Juiced Performance

Sometimes one need only look at the circumstances to determine the results are juiced.  Barry Bonds, Lance Armstrong and this guy.  Hopefully you’ve not been dieting on bull testicles and dried animal organs for the past couple of years striving to live your best “primal” life, only to be disappointed in the results.  I’m no body builder, but at a glance, and absent any knowledge of this man’s history and supposed development of his physique, I’d instantly conclude one thing:  juice. 

It turns out juicing is everywhere, even in commercial real estate.  You see, results are not always what they seem.  There’s a common practice, for example, of “buying up” net operating income (“NOI”) by structuring a transaction to have a higher rental rate by giving more concessions (free rent and tenant improvement allowance).  Why do this?  Well, because it can pay off in the form of increased capitalized asset value on a sale since NOI is a big determinant of asset value (e.g., higher NOI, higher value).  You could have two buildings, comparable in every way, both for sale at the same time but having a significant difference in capitalized “value” because one of the owners structured the leases with higher face rates and more concessions and the other achieved lower rents but funded less in concessions.  From the occupier’s perspective, where most companies are looking at total occupancy cost, which includes rent and capital spending and considering most companies will use GAAP accounting to straight line the rent expense, the impact of a lease with an artificially high rent but more concessions is a relative wash to one in which the rate and concessions are at market.  But this juicing of the results does have longer range negative impacts.  Firstly, it results in a higher valuation at sale, translating to a greater tax increase, which in the context of San Francisco office leases is most always passed on directly to the occupier, resulting in higher rent.  Secondly, articially inflated rents have the effect of raising the overall base value of the market, making it more expensive.

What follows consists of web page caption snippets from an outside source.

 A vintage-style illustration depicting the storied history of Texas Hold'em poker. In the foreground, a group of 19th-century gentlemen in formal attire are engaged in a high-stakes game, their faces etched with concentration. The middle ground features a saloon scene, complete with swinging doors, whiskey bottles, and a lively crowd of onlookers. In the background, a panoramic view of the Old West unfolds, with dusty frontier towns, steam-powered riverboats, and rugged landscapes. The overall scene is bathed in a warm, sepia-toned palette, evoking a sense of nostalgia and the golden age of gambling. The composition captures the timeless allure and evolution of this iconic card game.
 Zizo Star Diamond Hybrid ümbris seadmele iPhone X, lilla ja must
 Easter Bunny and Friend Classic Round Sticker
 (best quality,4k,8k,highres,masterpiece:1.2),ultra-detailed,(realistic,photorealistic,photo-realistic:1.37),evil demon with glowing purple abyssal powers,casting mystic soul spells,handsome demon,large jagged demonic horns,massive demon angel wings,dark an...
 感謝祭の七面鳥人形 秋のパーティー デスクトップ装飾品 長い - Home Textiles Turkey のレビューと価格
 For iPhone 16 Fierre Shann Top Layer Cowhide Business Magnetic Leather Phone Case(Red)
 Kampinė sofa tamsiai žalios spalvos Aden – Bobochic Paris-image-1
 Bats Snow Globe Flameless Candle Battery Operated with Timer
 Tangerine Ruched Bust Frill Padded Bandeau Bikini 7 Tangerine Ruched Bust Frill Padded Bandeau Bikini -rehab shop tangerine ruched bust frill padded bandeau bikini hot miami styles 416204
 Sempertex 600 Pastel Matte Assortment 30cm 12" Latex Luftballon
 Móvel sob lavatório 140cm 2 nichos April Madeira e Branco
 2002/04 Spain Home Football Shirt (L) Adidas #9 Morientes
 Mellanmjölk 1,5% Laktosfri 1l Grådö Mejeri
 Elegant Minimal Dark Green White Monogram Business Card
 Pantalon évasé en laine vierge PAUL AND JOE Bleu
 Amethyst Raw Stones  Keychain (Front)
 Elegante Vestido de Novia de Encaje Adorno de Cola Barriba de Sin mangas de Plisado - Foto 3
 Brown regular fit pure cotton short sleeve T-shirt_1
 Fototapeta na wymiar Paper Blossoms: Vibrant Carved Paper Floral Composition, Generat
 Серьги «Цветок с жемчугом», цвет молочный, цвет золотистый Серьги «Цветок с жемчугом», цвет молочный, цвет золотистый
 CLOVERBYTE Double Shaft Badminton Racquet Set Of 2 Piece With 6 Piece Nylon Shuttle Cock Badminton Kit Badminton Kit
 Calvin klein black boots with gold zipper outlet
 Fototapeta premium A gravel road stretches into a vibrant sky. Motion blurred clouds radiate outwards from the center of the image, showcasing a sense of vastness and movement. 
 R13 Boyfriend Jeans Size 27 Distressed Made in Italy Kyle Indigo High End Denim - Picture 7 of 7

Of course, a lease is a complex financial transaction which has many variables, including term, rate, landlord funded concessions (free rent and tenant improvements).  The market is whatever the counter parties make it.  But make no mistake, financial engineering, or “juicing” is everywhere.  Given the significantly changed outlook for global office, investors will be less agreeable to paying premiums for juiced performance.  How will they know?  It’s in the leases; which, like a sample of the Liver King’s bloodwork, will clearly show the juice.